June is Employee Wellbeing Month. That means it’s a great time to review all the benefits available to you and make sure you’re using them to achieve the highest levels of well-being possible.
No matter where you are in the Baby Steps, now’s a great time to think about how to leverage your employee benefits to go even further. See how many of these your employer offers, and be sure you’re enrolled in anything that could be moving you faster along the road to financial success.
This one should really be a no-brainer. If your company provides you with a convenient way to learn how to get your money in order or plan your retirement, enroll yesterday. The content could be just what you need to get on a budget, reduce debt, and invest for the future.

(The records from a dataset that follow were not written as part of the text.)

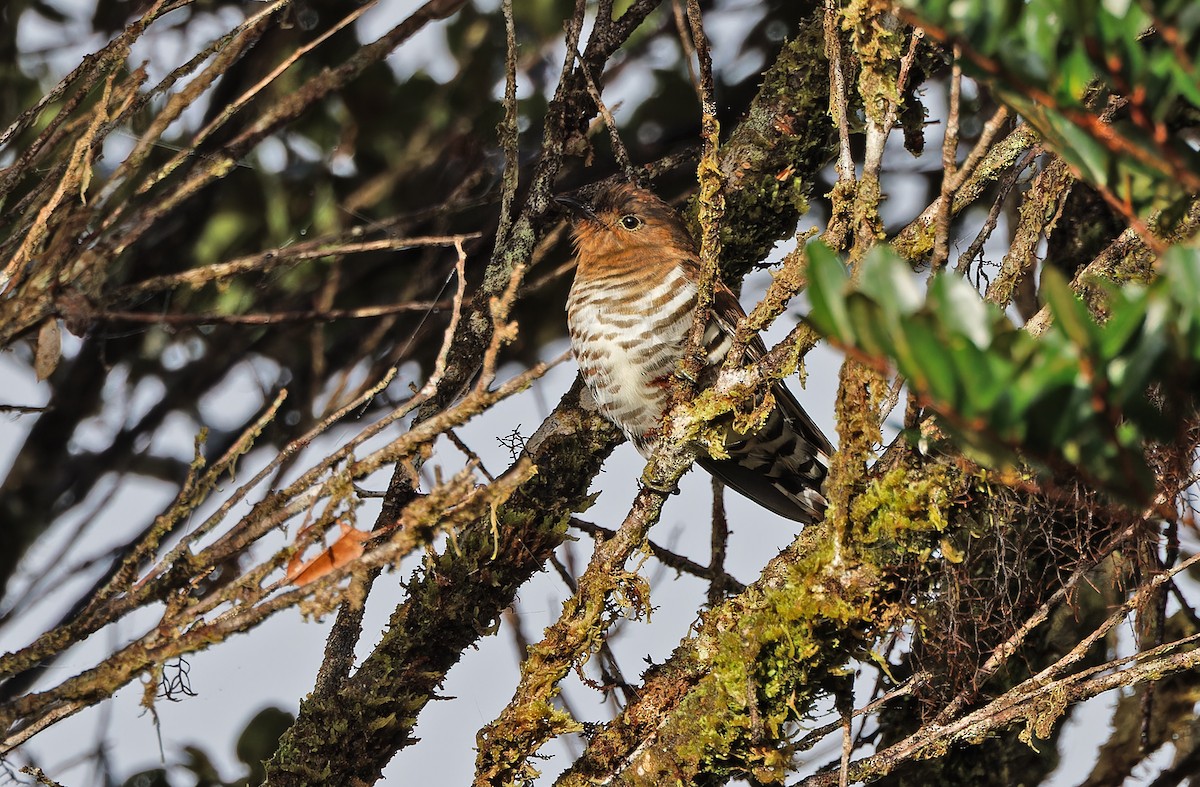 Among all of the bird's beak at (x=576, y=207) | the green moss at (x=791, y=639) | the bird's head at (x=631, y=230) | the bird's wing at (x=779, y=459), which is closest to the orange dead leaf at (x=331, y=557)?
the green moss at (x=791, y=639)

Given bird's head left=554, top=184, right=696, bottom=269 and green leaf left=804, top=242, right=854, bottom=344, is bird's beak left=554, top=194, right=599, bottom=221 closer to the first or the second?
bird's head left=554, top=184, right=696, bottom=269

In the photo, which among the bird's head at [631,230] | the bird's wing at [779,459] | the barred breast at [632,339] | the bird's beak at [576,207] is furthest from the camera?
the bird's beak at [576,207]

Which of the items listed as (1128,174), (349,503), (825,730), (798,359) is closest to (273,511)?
(349,503)

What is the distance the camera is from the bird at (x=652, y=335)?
3971 mm

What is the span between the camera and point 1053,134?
139cm

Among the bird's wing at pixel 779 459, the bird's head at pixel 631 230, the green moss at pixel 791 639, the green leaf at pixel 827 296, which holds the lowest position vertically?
the green leaf at pixel 827 296

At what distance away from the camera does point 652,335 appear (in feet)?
13.4

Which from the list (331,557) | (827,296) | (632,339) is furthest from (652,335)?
(827,296)

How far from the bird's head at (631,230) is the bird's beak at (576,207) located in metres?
0.02

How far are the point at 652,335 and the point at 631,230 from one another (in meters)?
0.59

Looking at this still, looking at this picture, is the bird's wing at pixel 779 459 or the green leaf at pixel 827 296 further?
the bird's wing at pixel 779 459

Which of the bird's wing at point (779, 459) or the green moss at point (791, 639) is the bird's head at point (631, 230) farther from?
the green moss at point (791, 639)

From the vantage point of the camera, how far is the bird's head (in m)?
4.40

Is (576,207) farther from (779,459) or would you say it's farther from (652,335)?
(779,459) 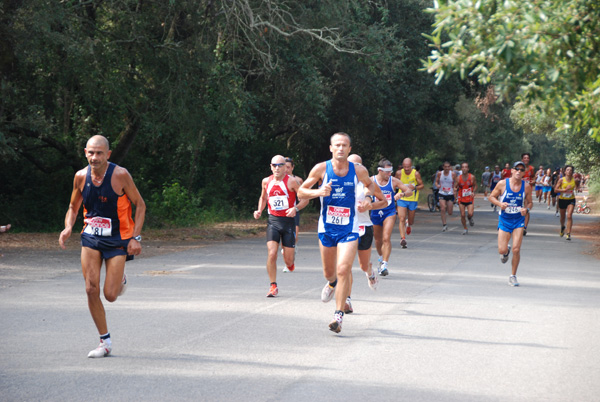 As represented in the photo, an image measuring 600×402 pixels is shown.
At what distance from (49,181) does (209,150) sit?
19.4 feet

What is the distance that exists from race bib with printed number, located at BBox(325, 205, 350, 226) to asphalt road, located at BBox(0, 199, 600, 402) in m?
1.12

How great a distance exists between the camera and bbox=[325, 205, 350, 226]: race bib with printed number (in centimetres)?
871

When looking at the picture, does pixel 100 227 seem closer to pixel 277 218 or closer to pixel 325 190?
pixel 325 190

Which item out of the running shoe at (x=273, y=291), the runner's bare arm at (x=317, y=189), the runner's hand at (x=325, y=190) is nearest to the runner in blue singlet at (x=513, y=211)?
the running shoe at (x=273, y=291)

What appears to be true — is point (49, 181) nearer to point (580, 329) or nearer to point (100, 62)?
point (100, 62)

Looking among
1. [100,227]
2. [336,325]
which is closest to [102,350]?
[100,227]

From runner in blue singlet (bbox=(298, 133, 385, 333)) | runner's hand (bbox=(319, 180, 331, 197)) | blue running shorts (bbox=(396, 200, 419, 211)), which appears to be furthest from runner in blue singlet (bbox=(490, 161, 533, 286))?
blue running shorts (bbox=(396, 200, 419, 211))

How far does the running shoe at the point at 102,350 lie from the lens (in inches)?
283

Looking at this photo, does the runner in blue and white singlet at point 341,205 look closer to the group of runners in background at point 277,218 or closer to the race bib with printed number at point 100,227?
the group of runners in background at point 277,218

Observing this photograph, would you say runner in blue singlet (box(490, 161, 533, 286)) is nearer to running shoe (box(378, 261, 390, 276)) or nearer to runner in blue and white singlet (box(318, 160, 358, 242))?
running shoe (box(378, 261, 390, 276))

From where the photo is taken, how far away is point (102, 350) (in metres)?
7.23

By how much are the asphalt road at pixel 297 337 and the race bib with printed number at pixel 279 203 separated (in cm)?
116

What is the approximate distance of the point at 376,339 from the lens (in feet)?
27.2

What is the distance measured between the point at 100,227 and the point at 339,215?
2.53m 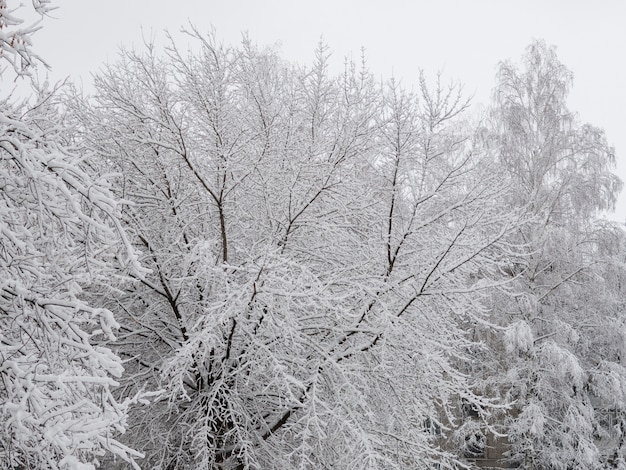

And if you have a 401(k) available, here are a few tips on using it to your best advantage:
- If you’re still getting out of debt or saving your three- to six-month emergency fund, pause investments here until you get those in place. Retirement savings are important, but you’ll get a lot more out of them when you’re debt-free and emergency-proof.
- Follow the 15% rule. Invest 15% of your before-tax gross income in the 401(k). Going above that could prevent you from hitting two more key goals: saving for college and paying off your home early. But anything less than that puts you at risk of retiring without enough money to live comfortably.
- Find out whether it includes a company match. That’s free money you can’t afford to pass up. And don’t count any matching dollars as part of your 15% investment—just think of that money as icing on your retirement cake.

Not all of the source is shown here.